Tuesday, August 03, 2004

New Voters, Old Hype?
I've heard the "voters will come out of the woodwork" argument before and been disappointed (think Dean in Iowa). Michael Moore is pushing this take as well: the idea that more people are engaged than before and that polls looking for "likely voters" miss a ton of people that will sway the election: new voters, previously disaffected voters, etc. In the end, the polls seem to come pretty close, and I don't expect them to miss by much when it's all said and done, even though those arguments sound nice.

Still, reports like this, even though the numbers are relatively small in the big scheme of things, are encouraging and make me think polls at least aren't likely to be wrong in Bush's favor (from the Miami Herald, via Alternet):
Heber Siri, a Uruguayan immigrant in South Florida, will become an American citizen later this month. And as soon as the ceremony is over, he will register to vote. "That's why I'm becoming a citizen," Siri, who works at a Coral Gables car dealership, said. "I want to vote."

Siri, 55, will be among the 9,000 new citizens who will recite the oath of allegiance in two large naturalization ceremonies Aug. 10 and 11 at the Miami Beach Convention Center. Nationwide, more than 40,000 immigrants are expected to become new Americans in August.

They're part of a surge of immigrants in South Florida and across the United States who plan to become citizens in coming weeks -- many of them driven by the desire to be eligible to vote in time for the presidential election.

Federal statistics show that almost half a million immigrants have sought citizenship between October and May, 32 percent more than in the same period last fiscal year.
Some Florida immigrants may be voting Bush, but I have to believe that most new citizens will be overwhelmingly Democratic.

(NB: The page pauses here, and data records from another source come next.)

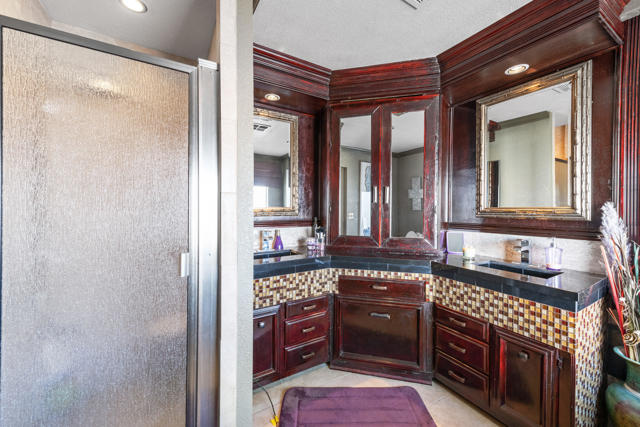18 Calle De Las Nubes, Palm Springs CA: https://media.crmls.org/mediaz/28ff1977-6afc-44b6-8806-078f79c26200.jpg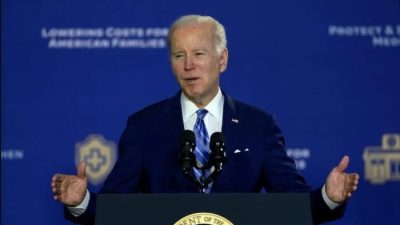 Президент США Джо Байден выступает на мероприятии, посвящённом социальному обеспечению и медицинской помощи, которое состоялось в Университете Тампы, Флорида, 9 февраля 2023 года. (Joe Raedle/Getty Images)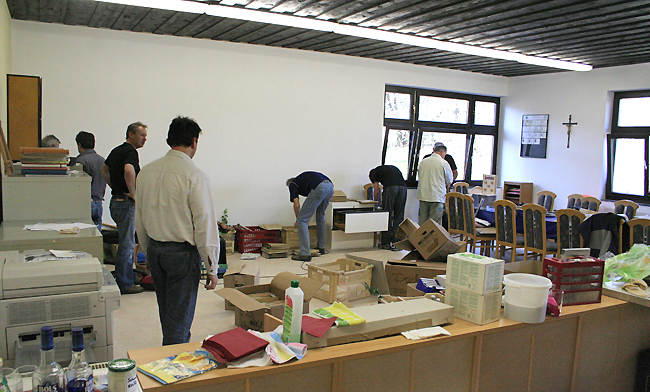 Einr�umaktion im Neuen S�ngerheim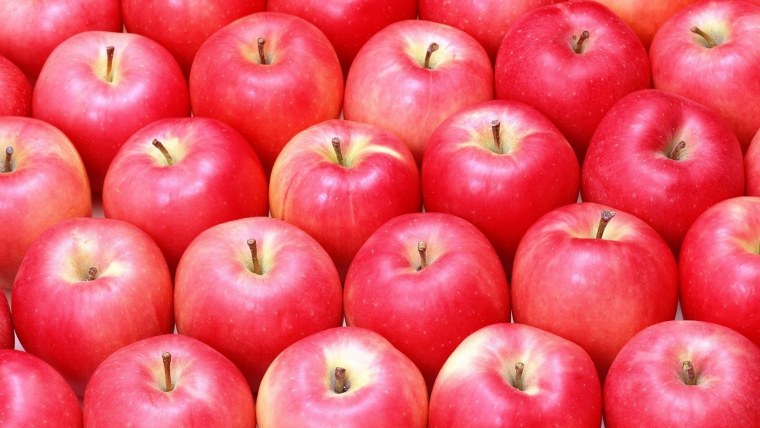 Зеленое яблоко в воде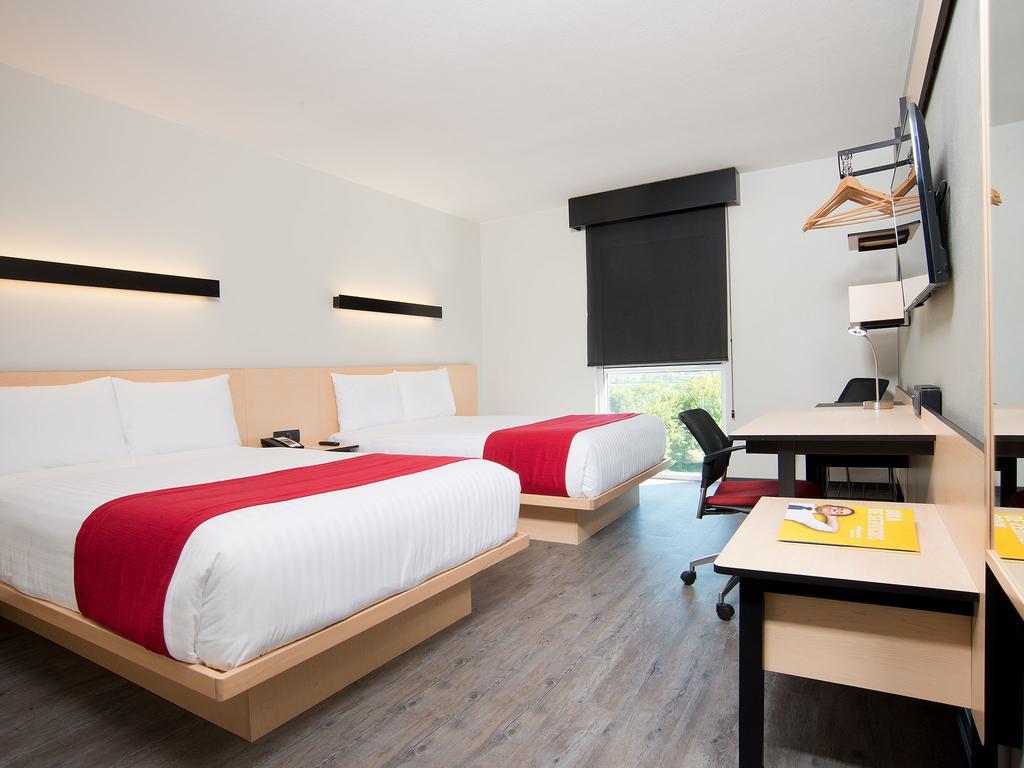 Quarto Duplo com 2 Camas de Casal
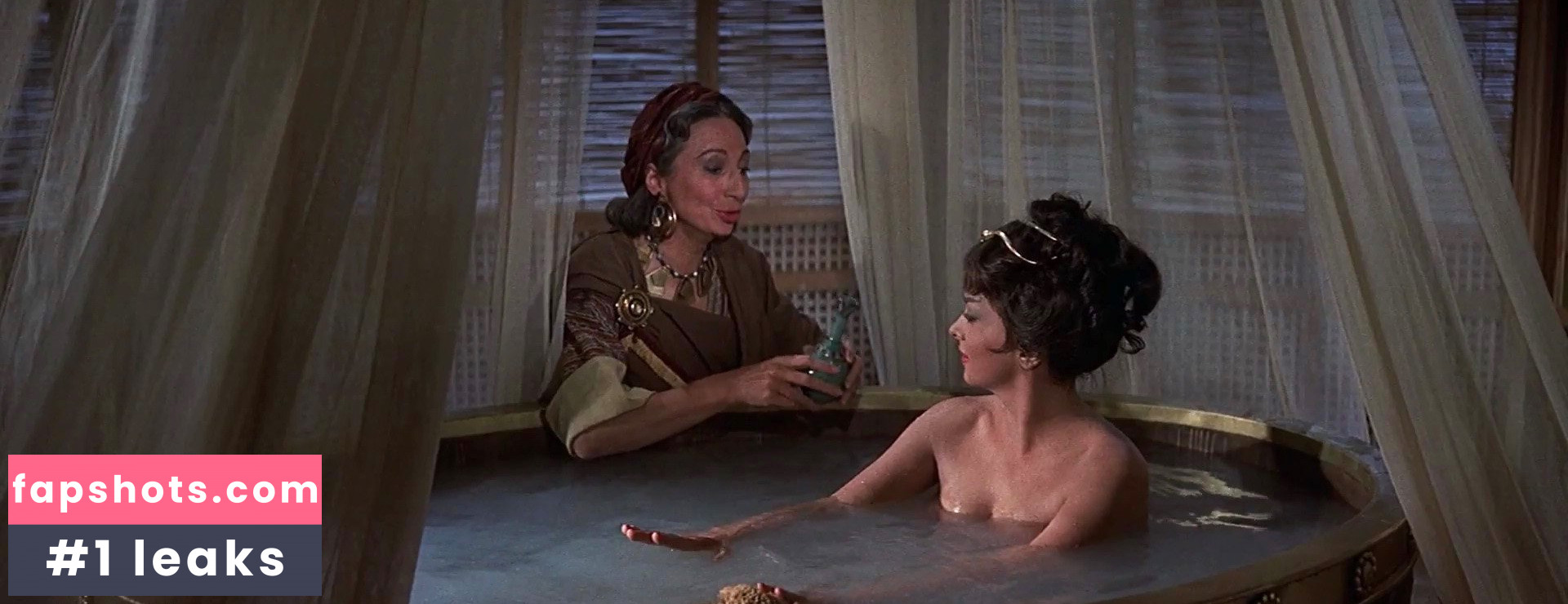 Gina Lollobrigida gallery photo #6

Everywhere I look, with every group I volunteer to help, people are registering new voters--it's the standard progressive-group activity. And yet I don't think I've heard a single comprehensive story about any notable increase in registered voters. Have motor voter laws made registering to vote so easy that registration drives aren't really needed or successful? I assume that if the voter rolls were shooting up, somebody would have noticed, and people would be talking about it...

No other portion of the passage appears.